§ What the task requires
Include no pictures. Output exactly the lines from the one that contains "1566 Ashwood Dr, Martinez, CA" through the final line of the entries.

———

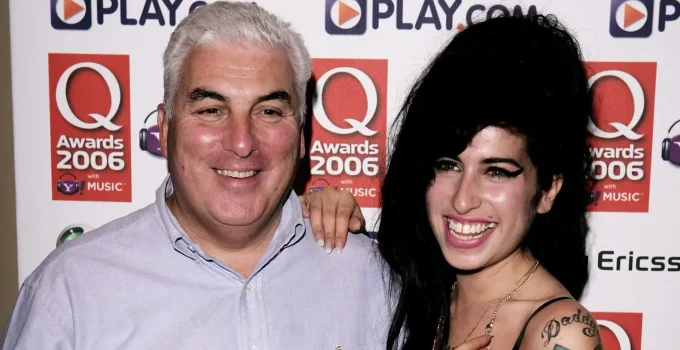 Pai de Amy Winehouse Perde Processo Contra Amigas da Cantora por Venda de Pertences Íntimos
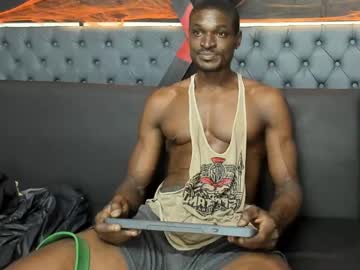 Terranze_Z Chaturbate stream image from October 19, 2025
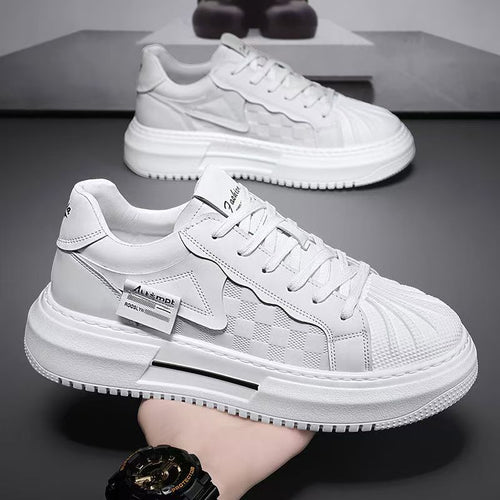 Damen Kompakte Sneaker mit robustem Plateau und modischem Design EB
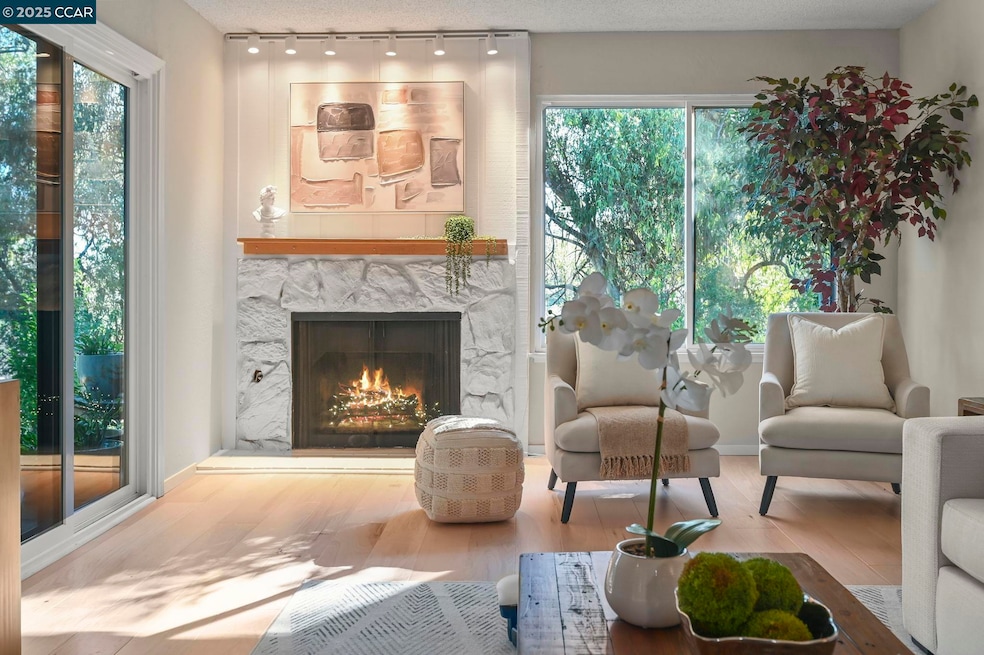 1566 Ashwood Dr, Martinez, CA 94553 - photo 1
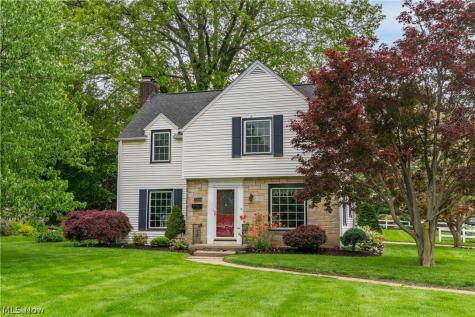 3239 Market Avenue N Canton OH 44714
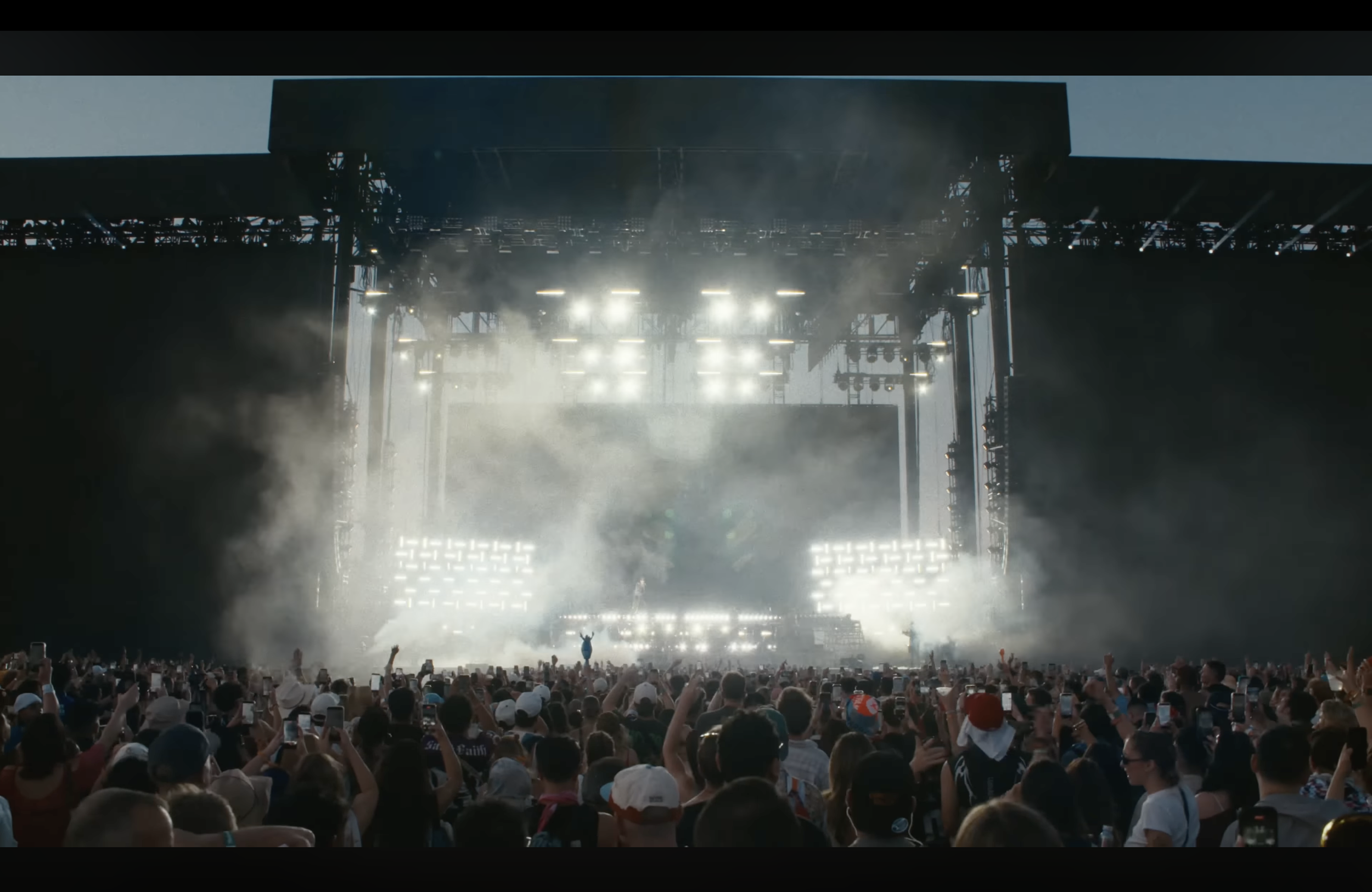 Sombr Coachella 202600005.png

———

§ Task output
 1566 Ashwood Dr, Martinez, CA 94553 - photo 1
 3239 Market Avenue N Canton OH 44714
 Sombr Coachella 202600005.png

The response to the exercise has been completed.